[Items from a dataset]
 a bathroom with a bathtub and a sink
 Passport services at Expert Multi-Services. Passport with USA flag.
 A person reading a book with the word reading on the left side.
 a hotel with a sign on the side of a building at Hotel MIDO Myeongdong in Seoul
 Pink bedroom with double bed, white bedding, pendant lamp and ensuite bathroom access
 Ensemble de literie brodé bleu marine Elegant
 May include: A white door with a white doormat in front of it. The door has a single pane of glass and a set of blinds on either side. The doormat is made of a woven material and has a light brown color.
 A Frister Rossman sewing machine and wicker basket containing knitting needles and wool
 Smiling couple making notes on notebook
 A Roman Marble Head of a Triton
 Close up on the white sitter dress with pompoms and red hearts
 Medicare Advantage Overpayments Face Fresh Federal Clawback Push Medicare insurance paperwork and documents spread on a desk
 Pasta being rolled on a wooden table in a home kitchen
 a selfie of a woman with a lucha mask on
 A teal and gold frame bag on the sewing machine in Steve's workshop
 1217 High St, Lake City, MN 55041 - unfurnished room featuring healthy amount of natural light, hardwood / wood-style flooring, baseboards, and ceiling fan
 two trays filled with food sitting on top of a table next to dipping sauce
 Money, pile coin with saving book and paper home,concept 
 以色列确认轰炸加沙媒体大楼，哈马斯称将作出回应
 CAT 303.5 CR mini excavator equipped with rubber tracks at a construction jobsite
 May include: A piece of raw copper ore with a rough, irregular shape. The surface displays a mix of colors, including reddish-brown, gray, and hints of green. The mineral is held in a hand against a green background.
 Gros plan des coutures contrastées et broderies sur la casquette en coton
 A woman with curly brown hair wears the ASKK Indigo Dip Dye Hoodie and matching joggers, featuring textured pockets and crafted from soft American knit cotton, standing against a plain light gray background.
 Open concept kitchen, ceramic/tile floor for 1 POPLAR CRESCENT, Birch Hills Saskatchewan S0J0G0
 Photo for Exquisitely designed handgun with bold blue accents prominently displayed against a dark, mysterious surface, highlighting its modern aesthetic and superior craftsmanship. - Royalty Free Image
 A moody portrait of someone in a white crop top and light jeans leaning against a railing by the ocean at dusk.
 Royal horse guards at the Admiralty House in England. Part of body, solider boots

## WORK ITEM
State how many lines of the records above contain the word "surface", and give only that number.

## SOLUTION FOR THIS PROBLEM
2